We can legally release ourselves from certain covenants applicable to any series of Debt Securities under the Indenture (such release, a Covenant Defeasance) if certain conditions under the Indenture are satisfied, including:

us irrevocably depositing with the applicable Trustee cash, government obligations or a combination of cash and government obligations that will generate enough cash to make interest, principal and any additional payments on such Debt Securities through the stated maturity or redemption date of such Debt Securities; and

us delivering a legal opinion to the Trustee to the effect that holders of such Debt Securities will not recognize income, gain or loss for U.S. federal income tax purposes as a result of such Covenant Defeasance and will be subject to U.S. federal income tax on the same amounts, and in the same manner and at the same times, as would have been the case if such Covenant Defeasance had not occurred.

11

Table of Contents

If we were to effect a Covenant Defeasance with respect to a series of Debt Securities as described above, we would still be responsible for payments with respect to such Debt Securities in the event of a shortfall in the funds deposited with the applicable Trustee. (Section 402 of the Indenture.)

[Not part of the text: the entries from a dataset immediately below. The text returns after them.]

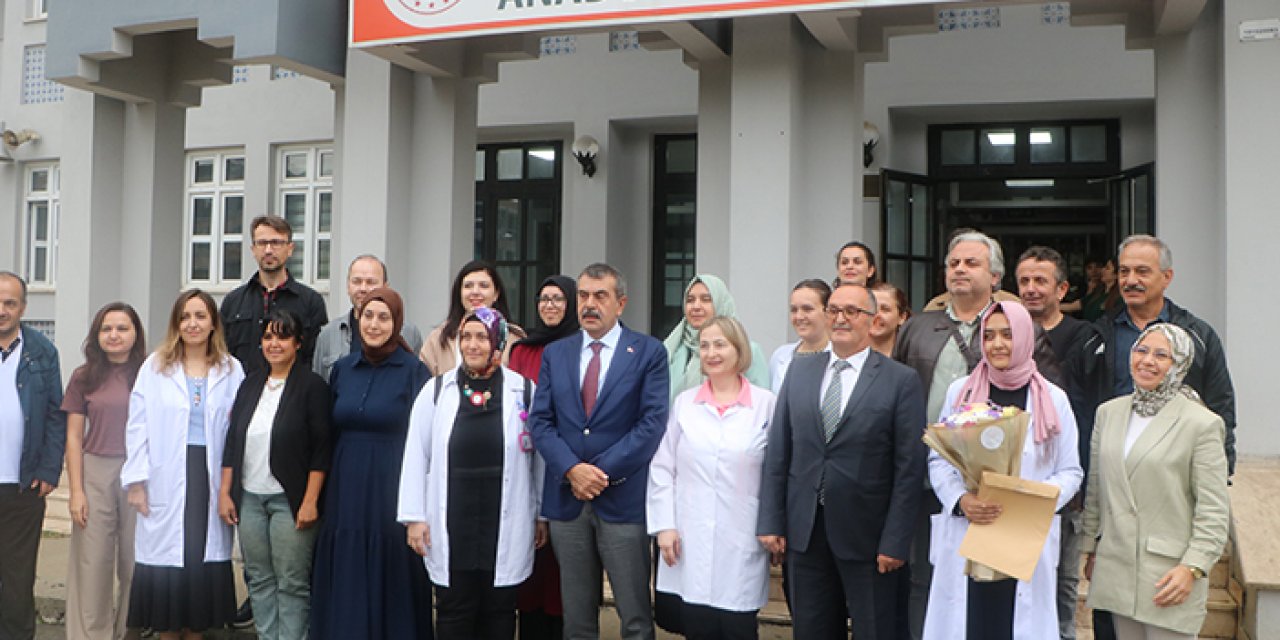 Milli Eğitim Bakanı Yusuf Tekin’den Düzce’de sürpriz okul ziyaretleri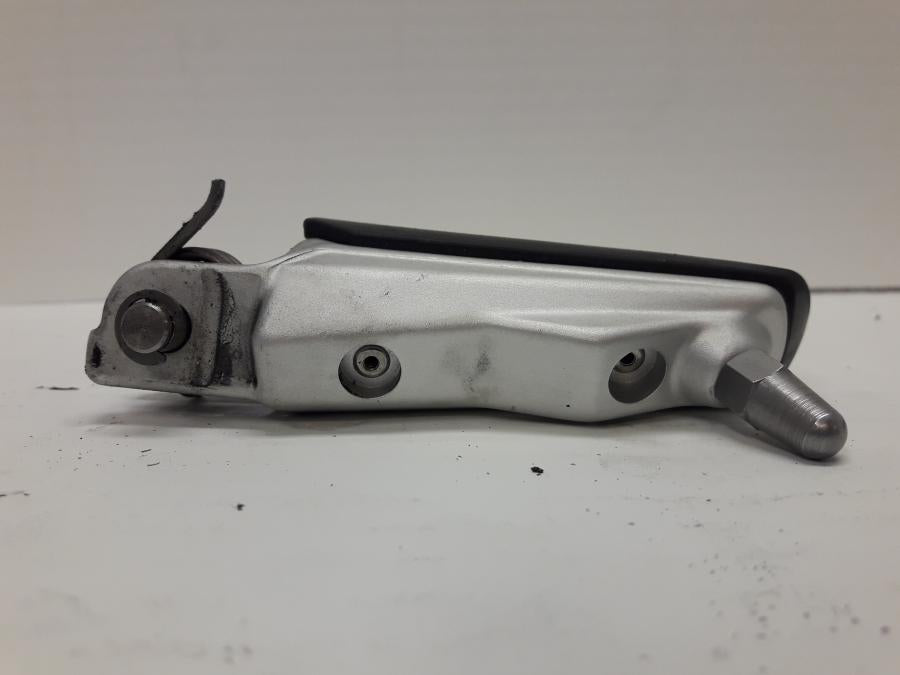 Höger sida på Fotpinne från en BMW R 1250 RS -2020 motorcykel.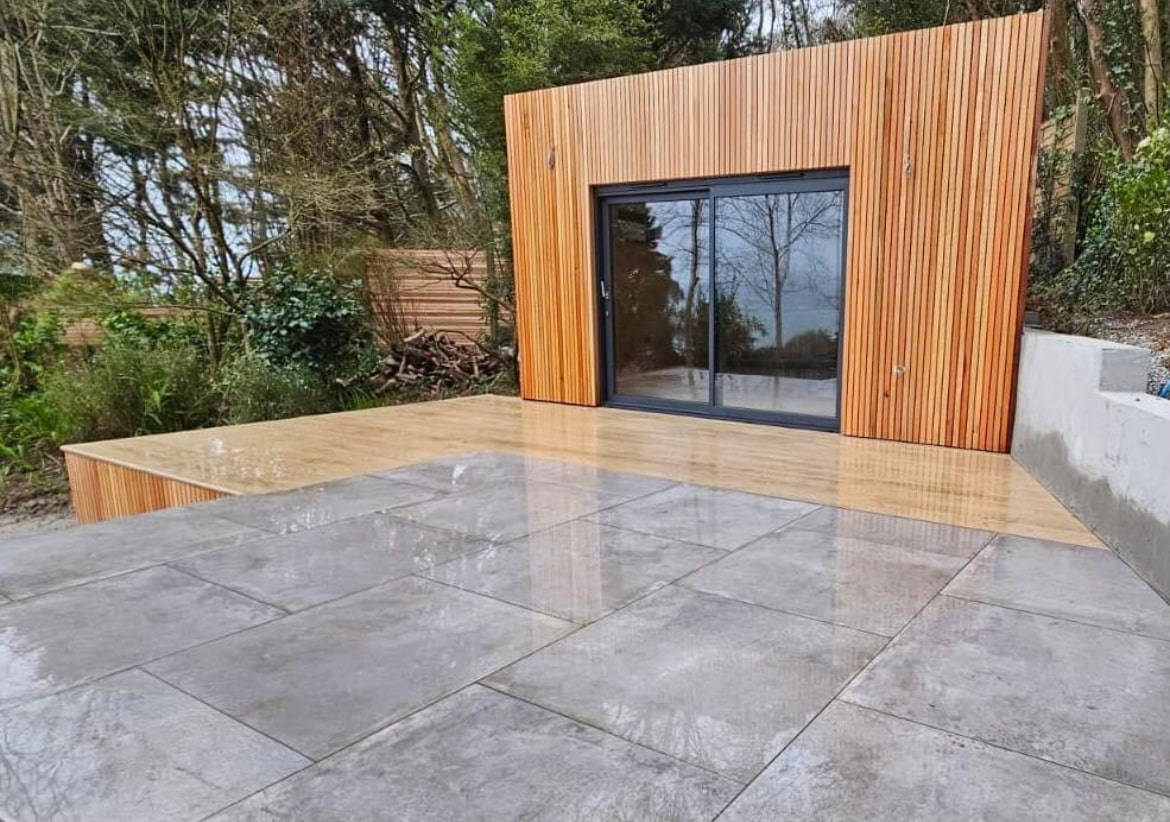 Evoke Blau slabs on a balcony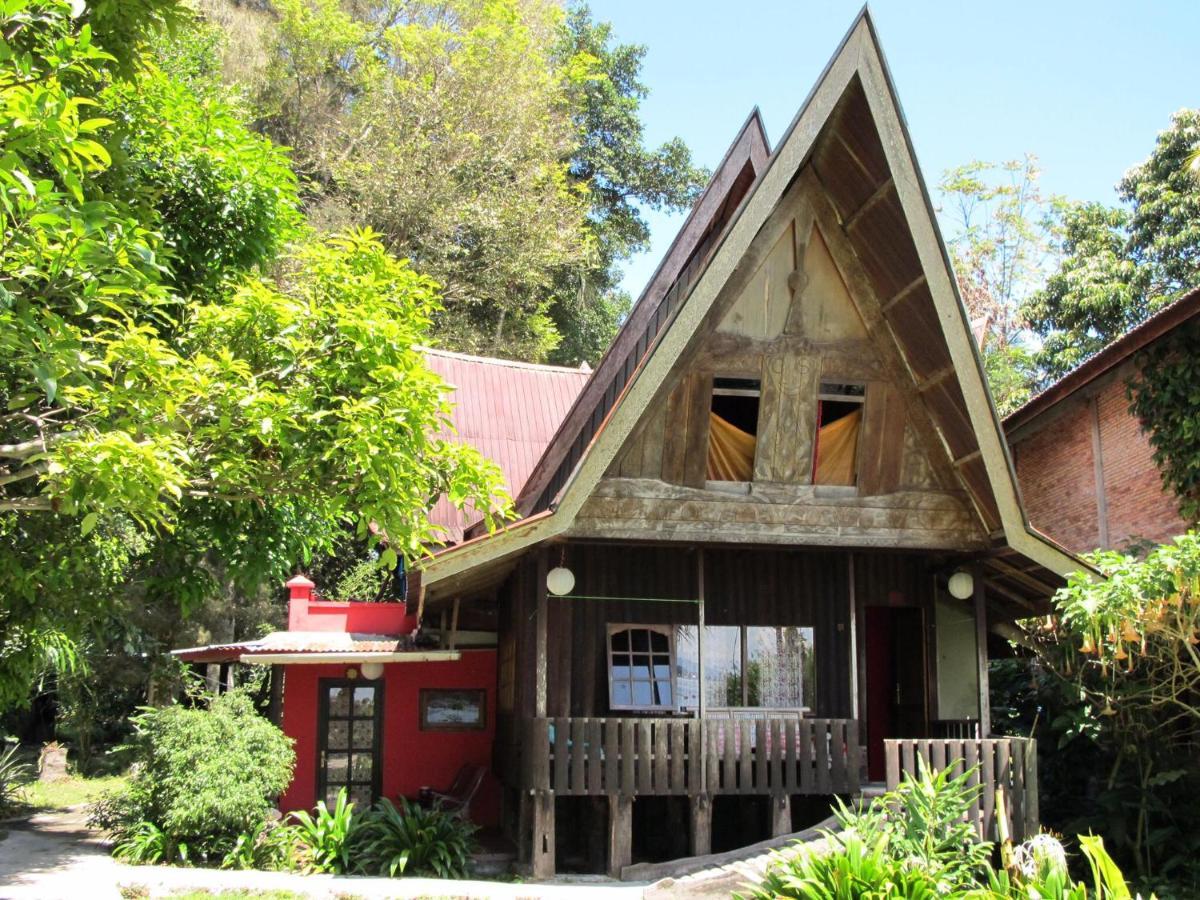 Liberta Homestay Tuk Tuk Esterno foto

Modification of Indenture; Waiver

Under the Indenture our rights and obligations and the rights of the holders may be modified with the consent of the holders of a majority in aggregate principal amount of the outstanding Debt Securities of each series affected by the modification. No modification of the principal or interest payment terms, and no modification reducing the percentage required for modifications, is effective against any holder without its consent. (Section 902 of the Indenture.) In addition, we may supplement the Indenture to create new series of Debt Securities and for certain other purposes, without the consent of any holders of Debt Securities. (Section 901 of the Indenture.)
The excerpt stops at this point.